If two agents update the same cognitive node simultaneously, Condensate captures both states as divergent branches in the Merkle-DAG. Through Strong Eventual Consistency (SEC) and lexical Lamport tie-breaking, the daemon resolves the conflict deterministically so all nodes eventually adopt the exact same branch.
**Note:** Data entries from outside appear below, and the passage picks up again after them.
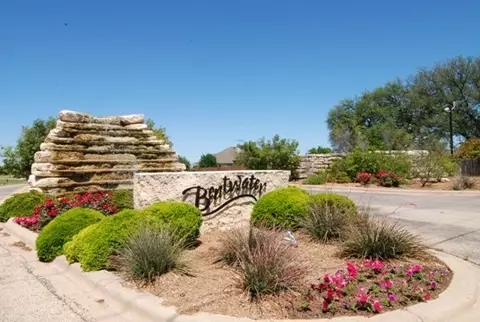 2115 Darby Dan Ct, Granbury, TX 76049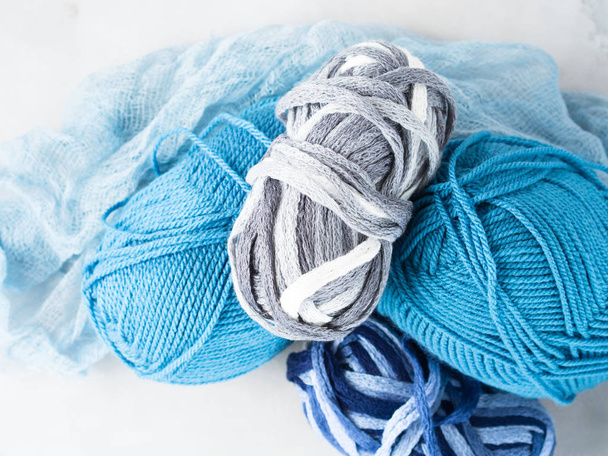 Fio de lã de cores frias com agulhas de tricô
 - Foto, Imagem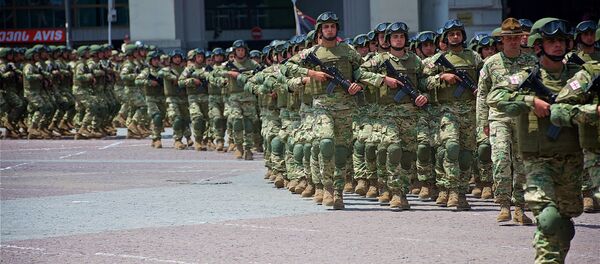 Грузинские военнослужащие проходят маршем по площади Свободы в День Независимости Грузинские военнослужащие проходят маршем по площади Свободы в День Независимости - Sputnik Грузия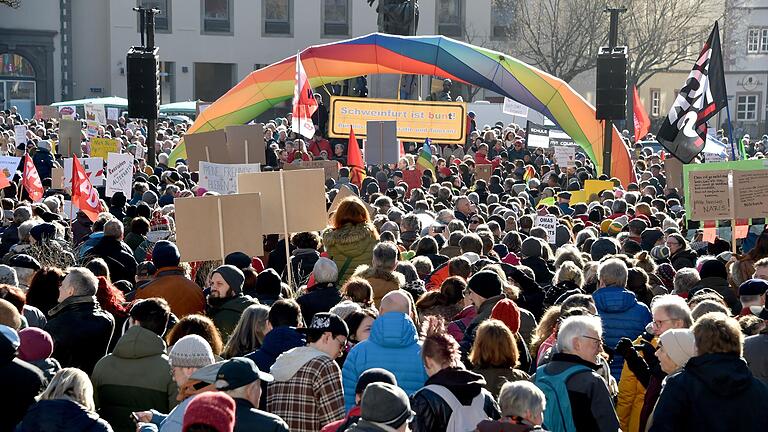 Mehrere tausend Bürgerinnen und Bürger beteiligten sich an einem Protestmarsch gegen&nbsp;Rechtsextremismus und die Politik der AfD in Schweinfurt. Aufgerufen hatte&nbsp;dazu das Bündnis 'Schweinfurt ist bunt'.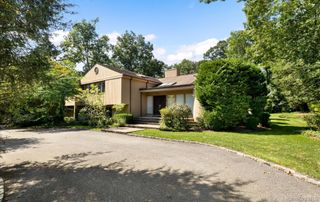 8 Kodiak Drive, Woodbury, NY 11797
[ Glossary of Cryptographic & Consensus Terms ]

Conflict-free
A property indicating that data structures can be concurrently modified and independently merged without manual conflict resolution or data corruption.
Replica
A full, independent copy of the agent's memory DAG hosted locally by an individual orchestrator or edge node.
Merkle structure
A tree or graph where every node is labeled with the cryptographic hash of its child nodes, allowing for rapid and secure verification of entire data sets.
Causal ordering
A logical ordering of events such that if event A caused event B, all nodes in the system will observe A before B.
Deterministic merge
An algorithmic guarantee that merging the same sets of conflicting state changes will definitively produce the identical resulting state on every peer.
End-to-end encryption
Security paradigm where data is encrypted on the sender's client and only decrypted on the recipient's client, opaque to intermediate transport networks.
Identity authority
The root cryptographic keypair that proves the authenticity of an agent or user. Ed25519 signatures validate all DAG operations.
Federation
The capability for disparate agent memory networks to communicate and share specific DAG sub-graphs securely across organizational boundaries.